Re: [tor-dev] prob_distr.c: LogLogistic fails stochastic tests on 32-bits mingw

2018-12-12 Thread Taylor R Campbell
> Date: Wed, 12 Dec 2018 17:47:05 +0200
> From: George Kadianakis 
> 
> I followed your suggestion and turned the tests into deterministic by
> sampling from a deterministic randomness source. I verified that all the
> crypto_rand() call outputs are now the same between the 32-bit mingw
> build and the 64-bit gcc one: [...]

Although it is worthwhile to separate (a) a nondeterministic entropy
source from (b) a deterministic PRNG with seeds you can save to get
reproducible results...it turns out all that was a red herring, and
the culprit was an incautious linear interpolation I had written in
the binning for stochastic tests.  Fortunately the problematic code is
limited to the tests and does not run in the tor daemon!

Lerping -- computing t |---> a + (b - a)*t = (1 - t)*a + t*b -- is
deceptive in its apparent simplicity, and it just happened that no
trouble arose in binary64 arithmetic, which is what you get on just
about every machine on the planet _except_ 32-bit x86 in binary80 mode
-- which mingw32 uses.  (And the m68k floating-point coprocessor, but
one doesn't see those much these days.)  Fortunately you don't have to
use Windows to run tests -- `gcc -m32' on an amd64 system should do
just as well, and you can make sure you're in binary80 mode with

   uint32_t cwsave, cw = 0x037f;
   asm volatile("fnstcw %0; fldcw %1" : "=m"(cwsave) : "m"(cw));
   ...
   asm volatile("fldcw %0" : : "m"(cwsave));

(On NetBSD, this is spelled `fp_prec_t p = fpsetprec(FP_PE); ...;
fpsetprec(p)', but I'm not sure anyone else has adopted that.)

Binary80 arithmetic tickled a problem in the lerp used for binning --
a problem which I took some pains to avoid in sample_uniform_interval
(see the long theorem in the comments there).  By `binning' I mean
dividing the support of each distribution into histogram bins,
starting at the 1st percentile and ending at the 99th percentile, and
uniformly spaced in the support with a linear interpolation to pick
the bin boundaries.

We then use the CDF or SF to compute the probability a sample falls
into each bin, count a lot of samples, and use a psi test to assess
whether the sample counts are close enough to the expected counts.
(There's nothing magic about uniform spacing; I just pulled it out of
my arse, and it helped me catch bugs.)

When beta is small, the log-logistic distribution has a very fat tail,
so the 1st percentile and the 99th percentile are very far away (e.g.,
for alpha=e and beta=1/10, the 1st percentile is ~2.5e-20 and the 99th
percentile is ~3e+20).  The naive lerp I had written in bin_cdfs to
compute an equispaced partition between these two points overshot in
this case in binary80 arithmetic, which led to an intermediate NaN
computation, which made the test fail 100% of the time.

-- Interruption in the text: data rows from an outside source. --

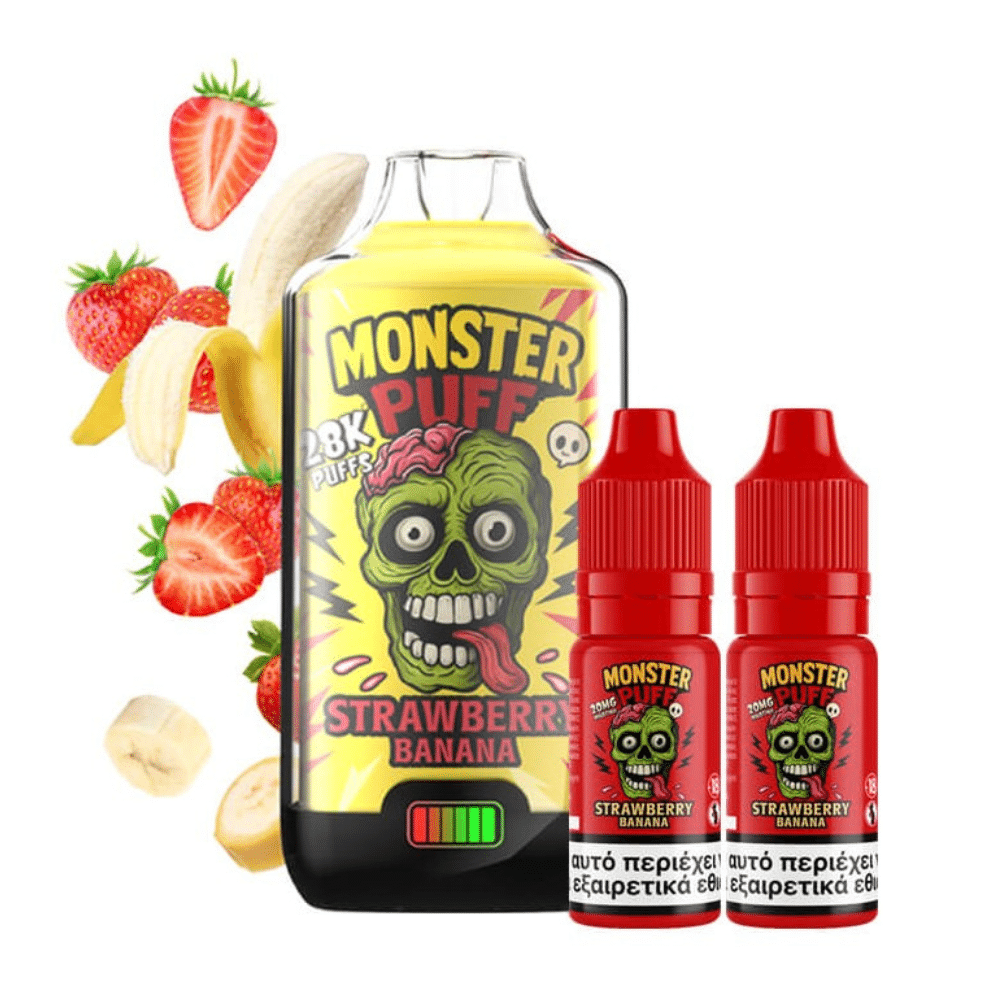 Monster Puff 28K Kit Strawberry Banana Συσκευή 2ml & 2x10ml 20mg Monster Puff 28K Kit Strawberry Banana Συσκευή 2ml & 2x10ml 20mg - Image 1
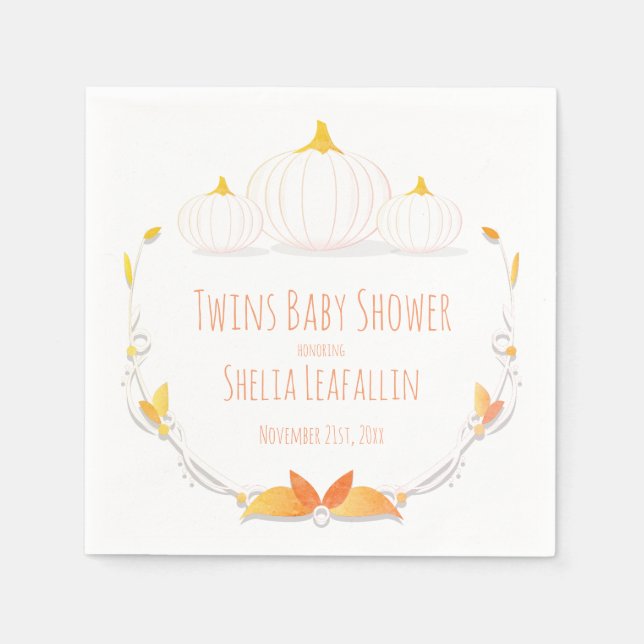 White Pumpkin Twins Baby Duschpapier Napkin Serviette (Vorderseite)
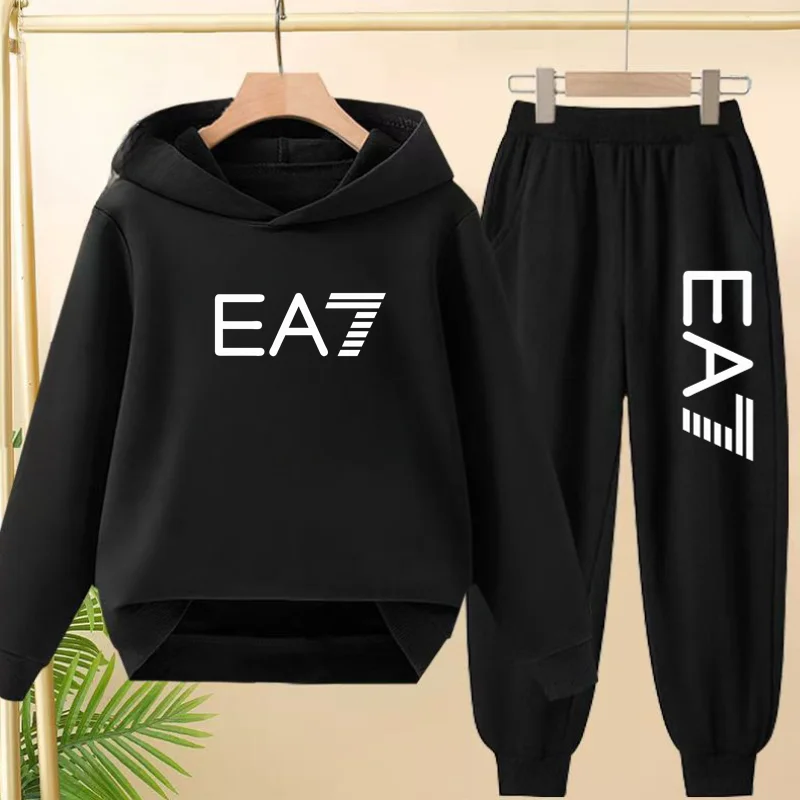 

Children Black Hoodie Outdoor Sports Letters Print Pullover 3-12Yrs Coat Sweatshirt+Pants Boys Girls Toddler Clothes Leisure Set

The attached patch uses a slightly less naive lerp.  It's not
necessarily monotonic but that doesn't really matter here since we're
only examining 100 histogram bins -- overcounting by the width of one
or two consecutive floating-point numbers is essentially
inconsequential at this scale for these tests.
>From 1338258a0d6a76bbe30bf03b90acff4559c24120 Mon Sep 17 00:00:00 2001
From: Taylor R Campbell 
Date: Thu, 13 Dec 2018 02:46:27 +
Subject: [PATCH] Use a lerp that never overshoots when determining bin
 boundaries.

In binary80 arithmetic, the bins for the log-logistic distribution,
which has a very fat tail, were computed with a value that overshot
the bounds, leading to a NaN intermediate.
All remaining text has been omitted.